Relationship experts call that last bit “cuffing season,” or the period of the year when people are drawn to monogamy. That’s not a scientific concept, though. It’s just a colloquial term that pop culture has applied to the rhythms of sexual desire and the changing of the seasons. Cuffing season does make sense on paper: most of us stop playing the field when winter hits, and we settle down with a primary partner who can binge TV with us. We need someone through the winter to attend holiday parties with us, visit our families for awkward dinners, and share that chaste, traditional New Year’s Eve kiss.

The Science Behind Cuffing

So, if cuffing season actually exists, it’s likely a combination of factors. Those of us who live in geographic areas where winter hits harder do tend to slow down physically. But it’s not just the weather or the time change. Culturally, we tend to focus on activities from November to April that benefit people in couples. We eschew beach parties for intimate gatherings, and everything from movies in theaters to ads in the subway tell us to reflect, buy things for our loved ones, and make grand gestures of affection. That all tracks with brain chemistry, as we tend to produce less serotonin during the winter months.

So what do we do when our brains are producing less happy juice? Well, we tend to pursue those warm fuzzies elsewhere. Winter has long been the season when most men pop the question. 19 percent of all proposals in the United States happen in December, and 7 out of 10 of the most popular days to get engaged are in December.

Does cuffing season apply to single people?

Cuffing season is not just a phenomenon limited to married folks. When the temperature drops, single people get thirsty for monogamy too, and they go to the internet to find it. People are more likely to change their Facebook relationship status in the winter, and we tend to Google pornography and dating services more frequently. In 2013, a study conducted at Villanova University found a definite uptick in online dating platform use during winter months, particularly January.

You need to be careful with all these fluctuating brain chemicals and reactions to the environment, especially when you’re negotiating romantic relationships. “The feelings of loneliness and sadness that get brought up for a lot of people around this time of year can make you search for things that make you feel good in the moment,” Rachel Sussman, LCSW, told Refinery29. “But that’s never the right path forward.”

If you want to lock it down with your honey during cuffing season, you need to figure out your options before Daylight Savings Time. According to relationship experts, that pre-period is called “fielding season,” and, like cuffing season, it’s caused by its own cluster of psychological and cultural factors.

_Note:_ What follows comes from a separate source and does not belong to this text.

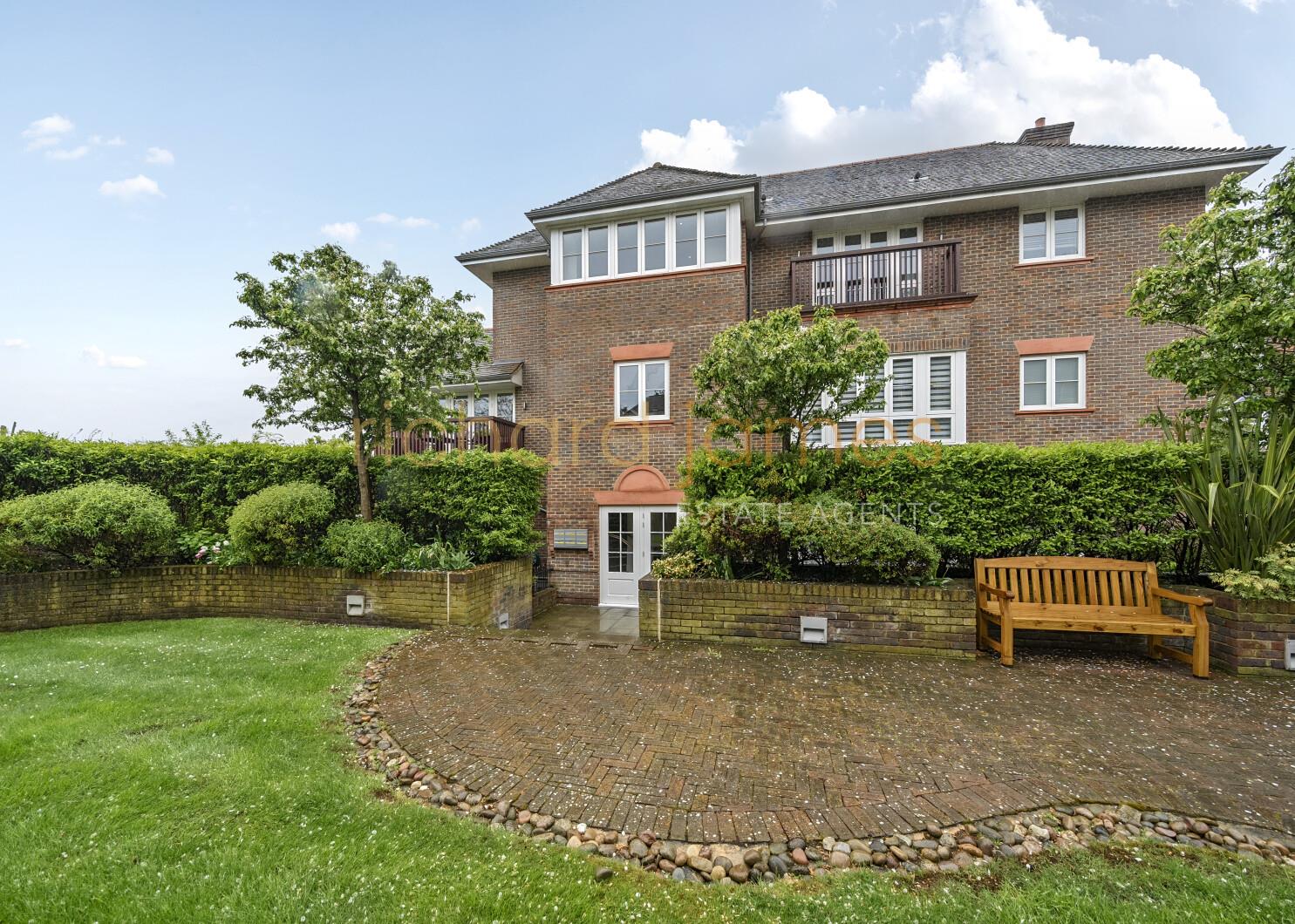 3 bedroom flat for sale 0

Before cuffing season comes fielding season

Although people tend to show more interest in online dating and pornography when it’s cold, we tend to actually go on more physical dates during the warmer months. That makes sense in a few ways; it’s more pleasant to engage in outdoor activities when you’re not freezing your ass off, and because there’s less societal pressure to buy your girlfriend a rock in July, people can relax and get to know each other.

Urban Dictionary, a slang wiki, defines fielding season as a period of socialization from “late May to early September.” There’s not a ton of hyper-specific data related to dating patterns in these summer months, but it’s easy to tell where our priorities lie as a society when you look at seasonal media. Summer is typically the optimal season for blockbuster releases, party anthems, and music festivals. While it’s fun to have a partner along for the ride, drinking beer on the beach isn’t as momentous an occasion as, say, the company holiday party or ice skating under the Rockefeller Center tree.

Regardless of whether or not you buy the existence of cuffing season, or “fielding season,” it does benefit you to date around and weigh out your options before you commit or “cuff” yourself to another person. It’s not often explored in cuffing season conversations, but the holiday season ends around Valentine’s Day, aka the relationship lightning rod of holidays. If you find a partner suitable to get you through cuffing season, but you’re having doubts after New Year’s, it’s in everyone’s best interest to get your shit together and decide on a plan before February rolls around.

Like “cuffing season” and “fielding season,” breaking up with someone far in advance of Valentine’s Day isn’t exactly science. It’s just a common understanding born out of patterns in brain chemistry, society, and modern culture. After all, you shouldn’t need a clinical study to tell you not to act like a dick.